By Andrew L. Urban
Faux-horror comedy film studio Troma was the first to respond – correctly – with ridicule to the ghastly attempt at terrorist blackmail by North Korea, after Sony’s new comedy, The Interview, was refused bookings at all major cinema chains across the US.
In an open letter to Supreme Leader Kim Jong-Un on December 19, 2014, Troma boss Lloyd Kaufman writes: “Greetings from Tromaville! We here at Troma Entertainment wish to publicly express our adulation for the supreme leader, Kim Jong-Un; Great Successor, Young Master, Brilliant Comrade, founder of the first ever “K-pop” girl band in North Korea (Moranbong), and our Lil’ Kim. In light of recent events, Troma wishes to distance itself from Hollywood’s unforgiveable disrespect for the Great One.”
He goes on: “For 40 years The Outstanding Leader and his ancestor Gods have been the role model for Troma Entertainment. This is evidenced by the fact that we have patterned our economic strategy of “no revenue” on the North Korean economic model. Kim Jong-Un has also inspired us (like his father before him, who learned to walk and talk at the age of three weeks and wrote 1500 books in three years) with how well he treats his loyal citizens and how happy he has made them…”
Under a photo of a smiling Kim Jong-Un, Kaufman writes: “If the People’s Republic needs any of our private emails or passwords, we will fax them to you promptly. Any who refuse will be sent to a prison labor camp, along with their families, for three generations of punishment.”
There is more, but you get the picture. The satirical tone eschews fear in favour of ridicule, always the better weapon against terrorism and dictatorship, which can only survive through constant fear.
Buffoons in power don’t like to be openly, publicly shown up as buffoons; that’s why The Interview is so dangerous for North Korea. It dares to make fun of the Supreme Leader as the Supreme Laughing Stock, refusing to be fearful.

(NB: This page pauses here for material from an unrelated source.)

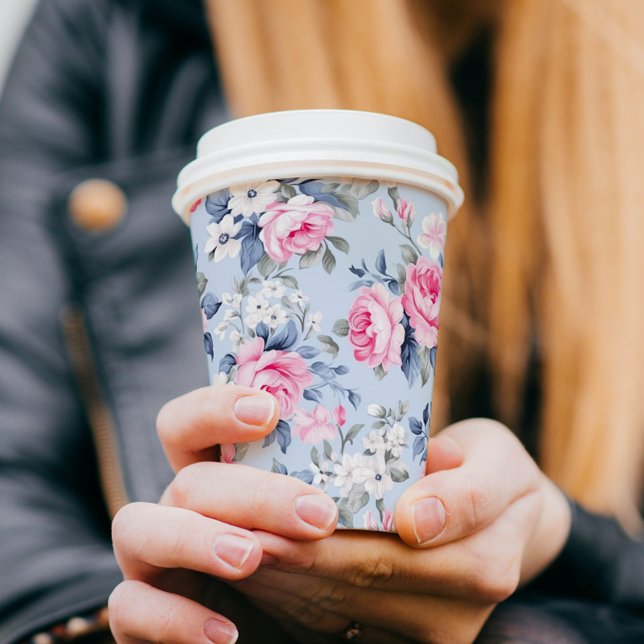 Aesthetic Pink Roses Floral Pattern Paper Cups (Creator Uploaded)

That could be catching.
Sony should perhaps consider an open invitation to the public around the world to sign up for a private copy of The Interview, bypassing theatres, who were quite rightly, taking no chances that the threats against them – or even just one of them – might have been empty. (And perhaps opening the way for another lone terrorist to use the threat as a cloak for violence against the public.)